Solution Method	Mean of Objective Function	Mean of CPU-Time
GA	0.353	0.354
PSO	0.327	0.378
	Distance to positive ideal	Distance to positive negative
GA	0.051	0.001
PSO	0.001	0.051

shows both positive and negative ideal values and the distance to the positive and negative ideal solutions.

The results, considering the preference weight of 0.5 for each criterion, show that GA was more efficient than PSO with a preference weight of 0.972.

6. Conclusions

In this paper, a FHLRP model is presented with the main goal of minimizing the costs associated with locating potential warehouses, production centers, and vehicle routing. To address uncertainty, a nonlinear mathematical model is designed and a fuzzy programming method is used to control the uncertainty parameters. The validation results of the mathematical model demonstrate that as the uncertainty rate increases, the total costs also increase, primarily due to an increase in customer demand. Additionally, the results show that a decrease in vehicle capacity leads to a higher number of vehicles needed, resulting in increased costs for vehicle usage and routing.

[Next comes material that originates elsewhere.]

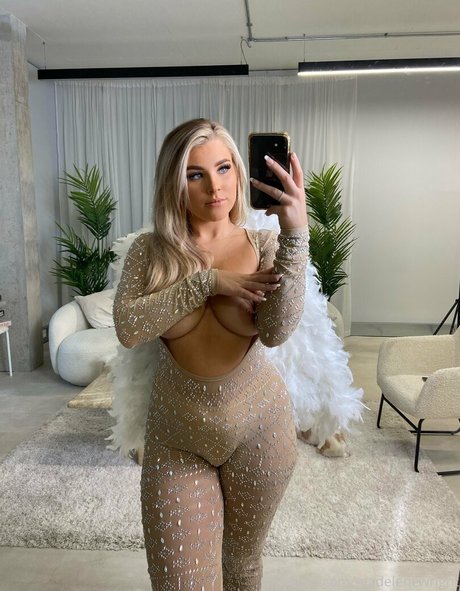 madelenewright model free pics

For instance, a 30% reduction in vehicle capacity results in a change from four to five vehicles. Furthermore, the changes in facility capacity have a significant impact on the overall costs of the model. A decrease in facility capacity leads to a higher number of facilities required to fulfill customer demand due to a decrease in supply. Considering the NP-hard nature of the mathematical model, both GA and PSO are employed to solve the problem. The analysis of the numerical example exhibits that the maximum relative difference percentage between the algorithm solutions and the optimal solution is 0.587 and 0.792, respectively. Moreover, GA has a problem-solving time of 15.67 s, while PSO takes 12.55 s. Based on these findings, both algorithms are utilized to solve numerical examples of larger sizes. Further analysis of 15 numerical examples demonstrates the inefficiency of Baron in solving larger numerical examples. In terms of near-optimal solutions, GA proves to be more efficient compared to PSO, though PSO achieves results in less time. Therefore, the TOPSIS method is employed to rank the different solution methods. The results, with a preference weight of 0.5 assigned to each criterion, indicate that GA is more efficient than PSO with a preference weight of 0.972.

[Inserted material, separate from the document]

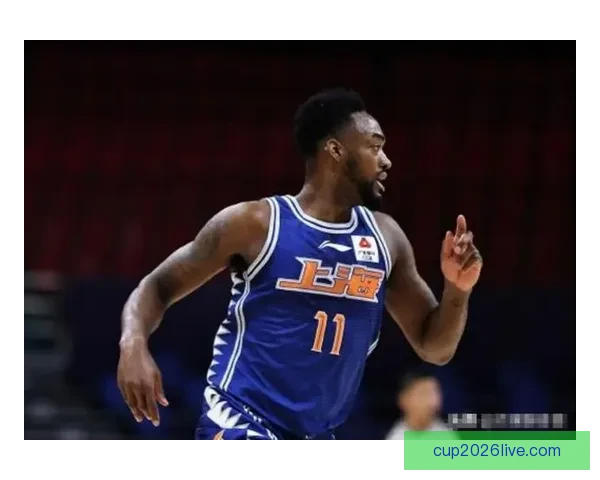 格纳布里模仿戈雷茨卡搞笑举动引发球迷热议成新热点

One of the limitations in dealing with the problem is the lack of access to real-world data, as well as historical data. Another limitation is the implementation of the mathematical model in the real world, which is hindered by the lack of financial information provided by organizations.

As future suggestions, it is important to consider social aspects in the developed mathematical model. Additionally, the fuzzy robust method should be employed to control the uncertainty parameters of the problem. Opening the Jackson network for distributing items to customers is also recommended. Finally, using hybrid algorithms to solve the problem is suggested.